Het gehucht bevat bovendien nog een 30-tal particulieren huizen, bewoond door expediteurs en hun bedienden, een commissaris van politie, winkeliers, tappers, andere neringdoenden en ambachtslieden.
Het gehele stationement bestaat uit een controleur, een ontvanger, 4 visiteurs, 12 commiesen en 4 sloep-roeyers. Voor de commiesen, die niet in het rijksgebouw verblijven, is geen woning aan de rivier te bekomen; zij zijn allen woonachtig in het dorp Lobith, dat vrij voldoende en niet dure huisvesting verschaft, en behalve twee goede scholen ook protestantse en rooms-katholieke kerken bevat.

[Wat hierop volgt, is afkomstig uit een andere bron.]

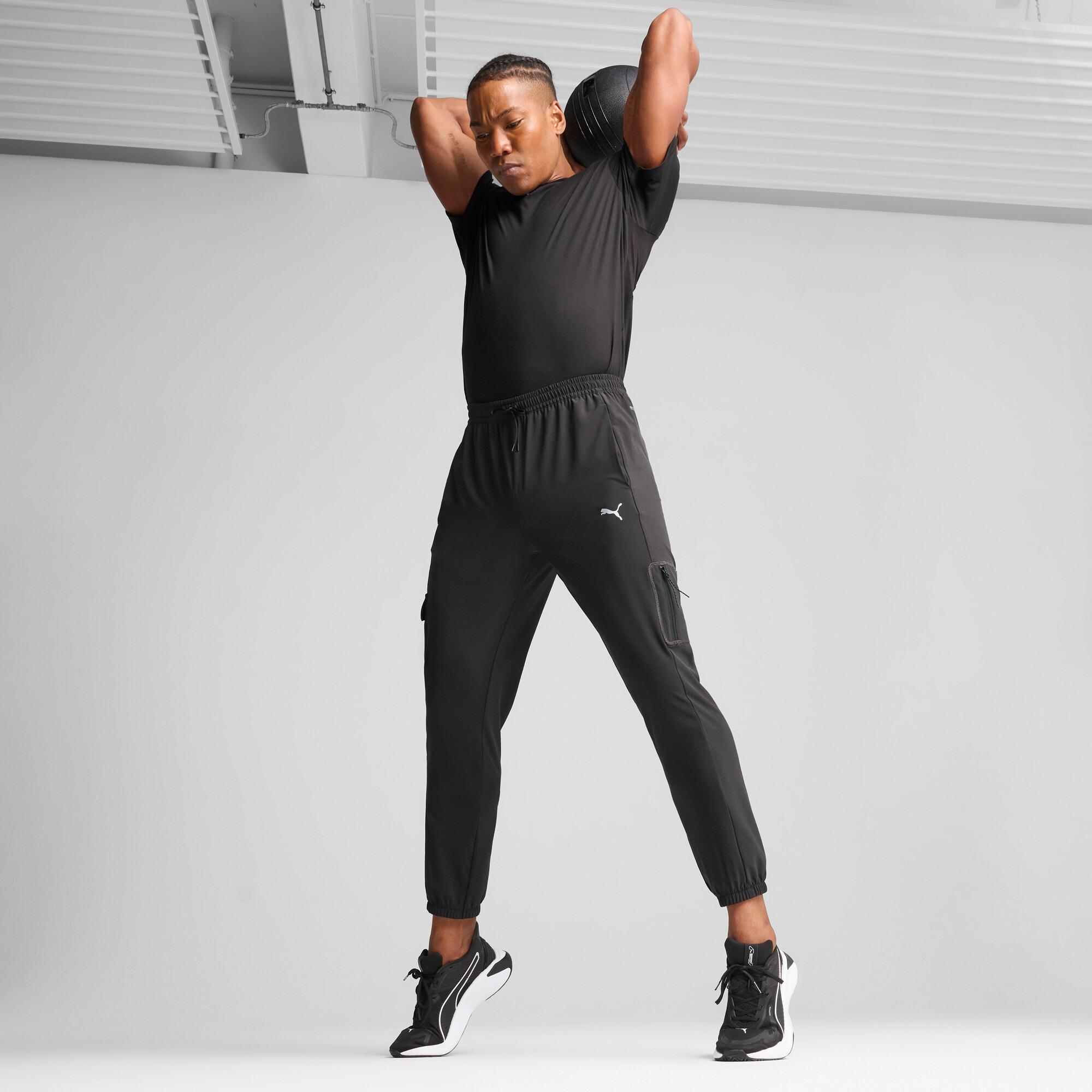 PUMA Flex Trend Men's Woven Pants Product Image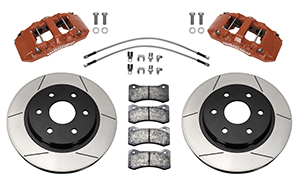AERO6-DM Direct-Mount Truck Front Brake Kit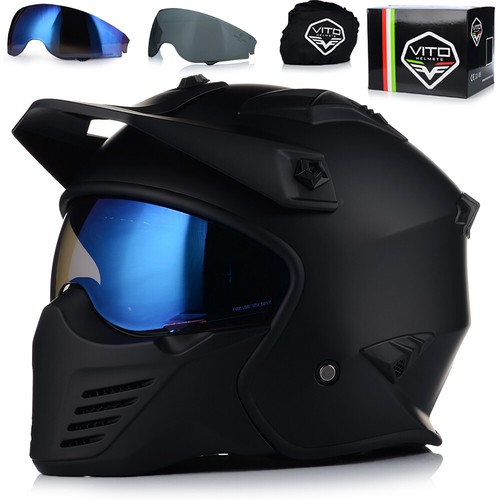 Motorradhelm jethelm vito - motorradhelm,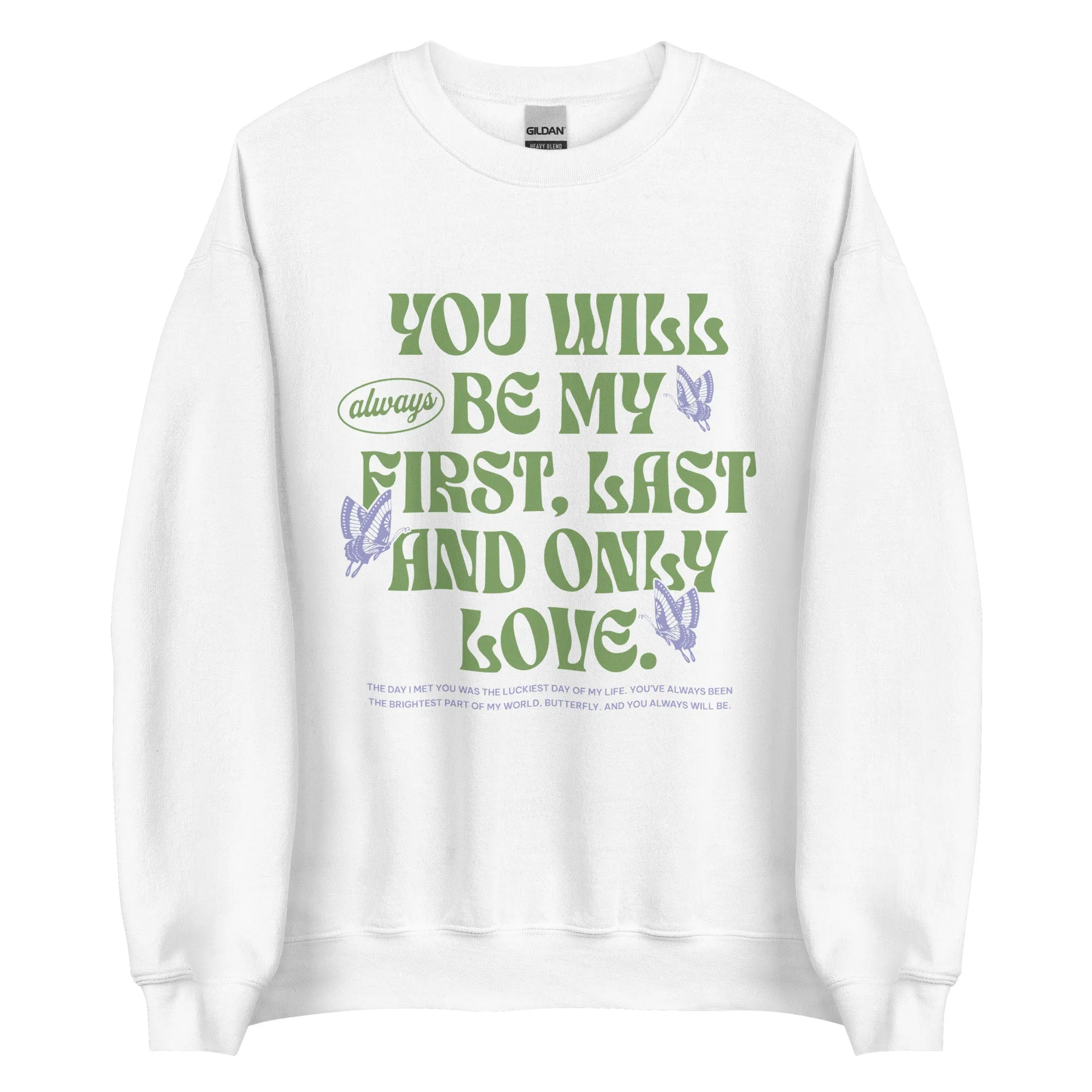 Twisted Lies Christian & Stella Sweatshirt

De dienst der visiteurs wordt met rijksvaartuigen te water verricht; de in- en uitklaring der passagiersstoomboten geschieden buiten uitsluiting aan de daarvoor bestemde aanlegbruggen.
Die der commiesen is er niet aangenaam; zij bestaat veelal in het bezetten én besurveilleren van de rivier te Lobith en te Millingen; tegenover laatstgemeld dorp is de op de z.g. aan de Rijn grenzende Bijlandt een houten hut geplaatst, alwaar de dienst door 2 commiesen wordt waargenomen die er wacht houden van zonsondergang tot opgang, in vereniging met het waterstationement te Millingen, dat, hoewel aan de overzijde der rivier gevestigd, mede tot de controle Lobith behoort; – de bewaking der schepen tot aan de losplaats wordt, voor zoveel zij nodig is, ook aan de commiesen opgedragen, evenals het besurveilleren der landsgrenzen onder gemeente Lobith, Herwen en Aerdt, de inslagen der brandstoffen en het gewone toezicht. De leges zijn er niet onbelangrijk”.
De op dit onderwerp betrekking hebbende voorwerpen zijn alle afkomstig uit het Belastingmuseum “Professor Dr. Van der Poel” te Rotterdam.
Van Tol naar Belasting komt uit het boekje: “Tentoonstelling Rondom het Tolhuys” 19 – 26 augustus 1972.